ACTION ITEM
Among the entries below, find each line with "Size" and show it.

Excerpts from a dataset
══════════════════════════════

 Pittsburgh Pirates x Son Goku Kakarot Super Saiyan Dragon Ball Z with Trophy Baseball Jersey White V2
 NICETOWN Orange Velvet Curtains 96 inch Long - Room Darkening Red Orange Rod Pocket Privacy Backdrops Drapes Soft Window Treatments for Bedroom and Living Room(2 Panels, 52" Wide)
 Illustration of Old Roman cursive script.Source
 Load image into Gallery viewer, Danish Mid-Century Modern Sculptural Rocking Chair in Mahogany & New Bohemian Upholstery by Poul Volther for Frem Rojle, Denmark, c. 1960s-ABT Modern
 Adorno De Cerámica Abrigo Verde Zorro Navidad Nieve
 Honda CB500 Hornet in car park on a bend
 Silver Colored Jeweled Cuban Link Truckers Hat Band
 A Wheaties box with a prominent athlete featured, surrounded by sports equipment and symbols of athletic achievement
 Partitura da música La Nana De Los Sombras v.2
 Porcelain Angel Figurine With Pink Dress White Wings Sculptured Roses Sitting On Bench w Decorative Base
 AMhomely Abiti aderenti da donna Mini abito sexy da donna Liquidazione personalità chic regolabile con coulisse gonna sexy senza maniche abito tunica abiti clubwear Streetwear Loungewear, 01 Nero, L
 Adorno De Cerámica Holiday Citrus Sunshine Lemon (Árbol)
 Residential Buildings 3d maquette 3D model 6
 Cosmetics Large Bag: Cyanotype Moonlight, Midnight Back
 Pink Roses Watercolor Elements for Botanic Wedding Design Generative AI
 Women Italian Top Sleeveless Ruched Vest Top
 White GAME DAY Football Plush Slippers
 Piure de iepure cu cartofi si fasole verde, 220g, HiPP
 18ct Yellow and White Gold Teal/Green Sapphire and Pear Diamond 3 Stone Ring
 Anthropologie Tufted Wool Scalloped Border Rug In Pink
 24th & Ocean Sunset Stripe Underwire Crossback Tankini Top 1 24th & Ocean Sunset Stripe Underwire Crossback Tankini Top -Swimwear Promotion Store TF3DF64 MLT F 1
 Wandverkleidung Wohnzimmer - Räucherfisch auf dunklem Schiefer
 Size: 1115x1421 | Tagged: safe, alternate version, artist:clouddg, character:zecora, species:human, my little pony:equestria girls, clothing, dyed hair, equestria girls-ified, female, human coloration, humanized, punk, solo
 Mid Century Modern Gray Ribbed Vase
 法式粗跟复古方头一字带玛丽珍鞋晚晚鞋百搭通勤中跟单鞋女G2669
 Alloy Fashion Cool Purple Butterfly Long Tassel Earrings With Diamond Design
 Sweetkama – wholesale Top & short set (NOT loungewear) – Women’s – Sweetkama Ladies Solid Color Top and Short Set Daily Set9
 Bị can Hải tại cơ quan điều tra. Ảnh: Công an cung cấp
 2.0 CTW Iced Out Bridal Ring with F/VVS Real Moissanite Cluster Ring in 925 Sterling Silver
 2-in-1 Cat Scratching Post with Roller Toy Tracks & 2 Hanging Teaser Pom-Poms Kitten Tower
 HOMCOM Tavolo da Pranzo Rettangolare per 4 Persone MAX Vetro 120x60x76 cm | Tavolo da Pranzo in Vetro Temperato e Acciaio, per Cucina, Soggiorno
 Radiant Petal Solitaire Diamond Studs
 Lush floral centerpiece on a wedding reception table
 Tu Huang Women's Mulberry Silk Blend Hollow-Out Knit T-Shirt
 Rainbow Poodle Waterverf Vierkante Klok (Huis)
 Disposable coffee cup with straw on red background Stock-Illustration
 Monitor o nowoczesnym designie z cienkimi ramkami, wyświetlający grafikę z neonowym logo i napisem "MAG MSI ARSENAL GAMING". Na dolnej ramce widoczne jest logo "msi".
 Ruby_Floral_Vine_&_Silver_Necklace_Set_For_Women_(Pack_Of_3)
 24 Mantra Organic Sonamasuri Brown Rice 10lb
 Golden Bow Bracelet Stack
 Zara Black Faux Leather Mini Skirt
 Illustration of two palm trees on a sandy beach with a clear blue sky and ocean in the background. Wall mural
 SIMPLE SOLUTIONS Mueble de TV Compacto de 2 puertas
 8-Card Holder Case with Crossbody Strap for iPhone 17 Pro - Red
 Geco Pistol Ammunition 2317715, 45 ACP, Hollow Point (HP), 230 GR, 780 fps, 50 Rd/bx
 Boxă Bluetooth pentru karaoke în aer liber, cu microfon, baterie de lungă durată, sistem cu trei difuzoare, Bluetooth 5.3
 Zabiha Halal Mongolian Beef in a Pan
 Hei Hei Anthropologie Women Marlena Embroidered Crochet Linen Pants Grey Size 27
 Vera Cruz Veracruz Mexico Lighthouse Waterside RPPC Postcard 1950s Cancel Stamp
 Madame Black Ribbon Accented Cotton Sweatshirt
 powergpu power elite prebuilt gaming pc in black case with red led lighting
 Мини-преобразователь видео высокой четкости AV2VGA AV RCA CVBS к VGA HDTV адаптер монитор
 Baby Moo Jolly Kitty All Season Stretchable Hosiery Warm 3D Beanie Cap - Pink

══════════════════════════════

WRITTEN RESPONSE
 Size: 1115x1421 | Tagged: safe, alternate version, artist:clouddg, character:zecora, species:human, my little pony:equestria girls, clothing, dyed hair, equestria girls-ified, female, human coloration, humanized, punk, solo
 Hei Hei Anthropologie Women Marlena Embroidered Crochet Linen Pants Grey Size 27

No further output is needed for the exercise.